Brussels (Brussels Morning) The UK and the EU both want concessions in Brexit trade talks, with Britain urging the bloc to shift its position to allow progress in negotiations and the EU defending its right to fight for its interests, Reuters reported yesterday, Sunday.
The talks are scheduled to continue later today. One unnamed senior British government source describes the negotiations as difficult due to “significant differences” of opinion. The current trade deal between the UK and the EU expires in less than two weeks and the two sides are calling on each other to move their positions in order to secure a new trade agreement.
Both sides are standing their ground firmly over their respective need to protect trade from tariffs and quotas, an impasse that sustains the deadlock. The main points of disagreement are EU fishing privileges in UK waters and competition rules aimed at ensuring a so-called level playing field.
Comments of officials
On Sunday, Matt Hancock, the UK Secretary of State for Health and Social Care, called on the EU to drop what he termed its unreasonable demands. Both sides, he said, want to reach an agreement, which, he concluded, could be reached provided the bloc abandons some of its demands.

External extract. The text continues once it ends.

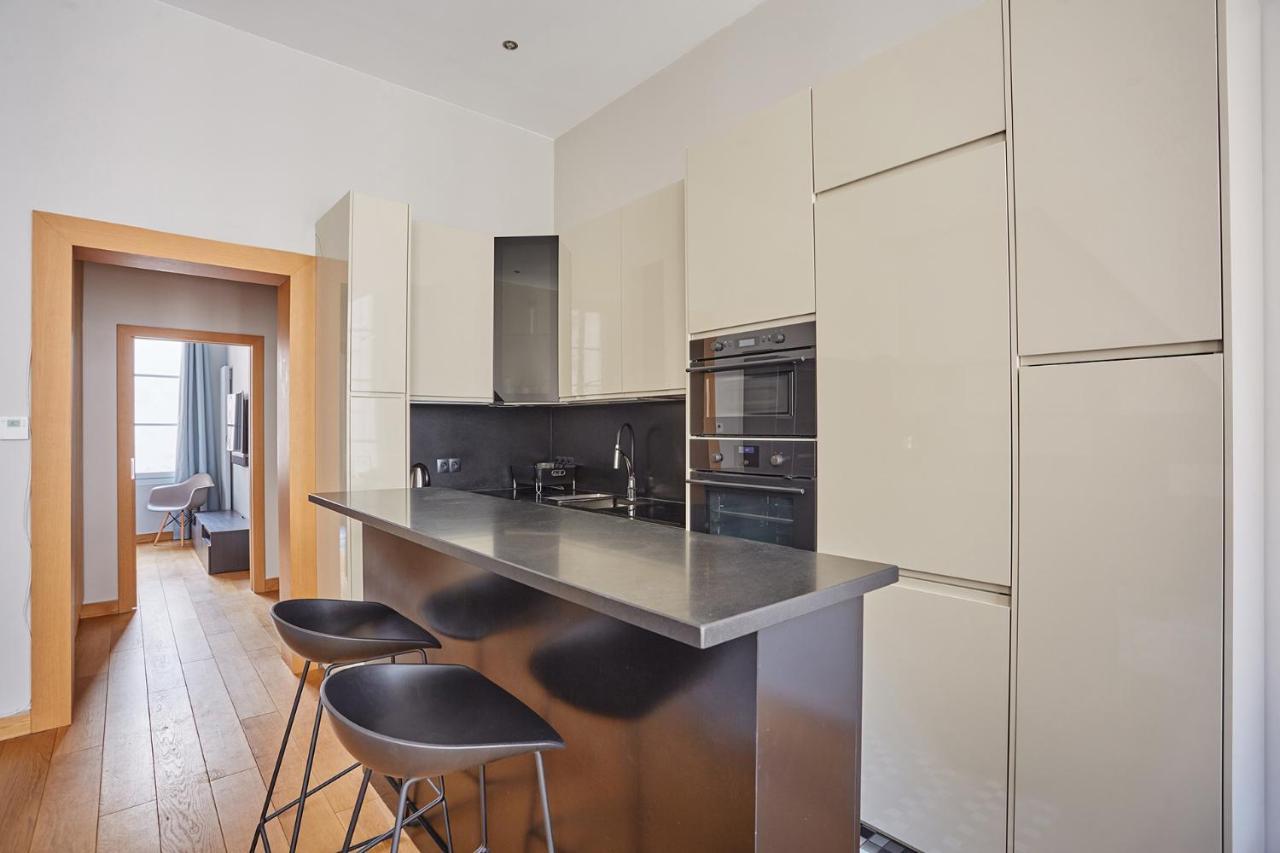 Ile Saint Louis By Prestige Appartement *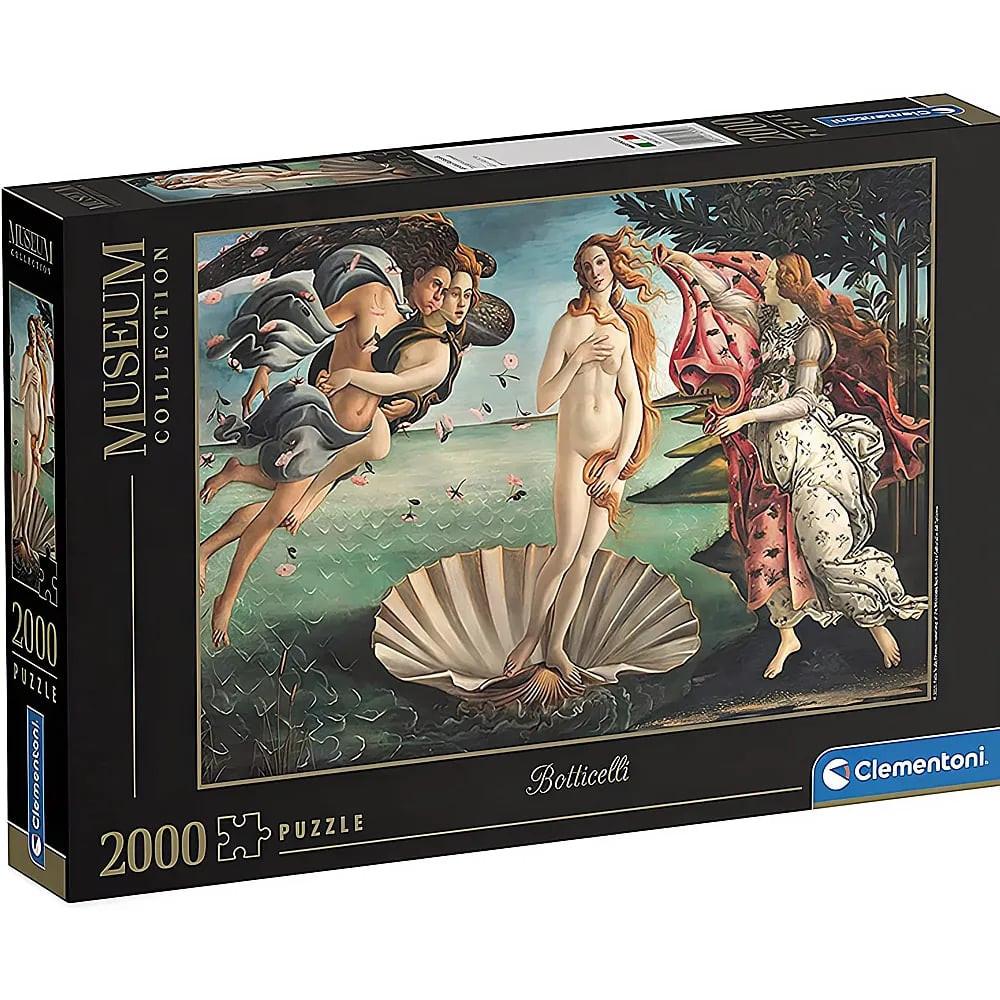 Image of Puzzle Boticelli, The Birth of Venus (2000Teile)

Michel Barnier, the EU Commission’s Head of Task Force for Relations with the UK, commenting Sunday, said negotiations with David Frost, Britain’s Chief Negotiator of Task Force Europe, were at a crucial point. The EU wants a reciprocal agreement, he observed, adding the bloc respects the UK’s sovereignty and expects the same in return.

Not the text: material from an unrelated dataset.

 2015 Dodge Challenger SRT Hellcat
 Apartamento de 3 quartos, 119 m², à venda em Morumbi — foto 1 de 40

Both sides, Barnier stressed, need to have “the right to set their own laws and control their own waters,” just as both sides should be able to act in defence of their respective interests.
Demands of both sides
The EU insists on the right to impose trade restrictions if the UK changes its regulations and provides an unfair advantage to British businesses, with the UK insisting likewise in regard to its dealings with the bloc.
The EU wants a mechanism for curbing UK’s market access as retaliation in case the UK pushes out EU fishermen from its waters, while the UK stresses it will regain full control of its waters in 2021 but that it is open to talks on a transition period.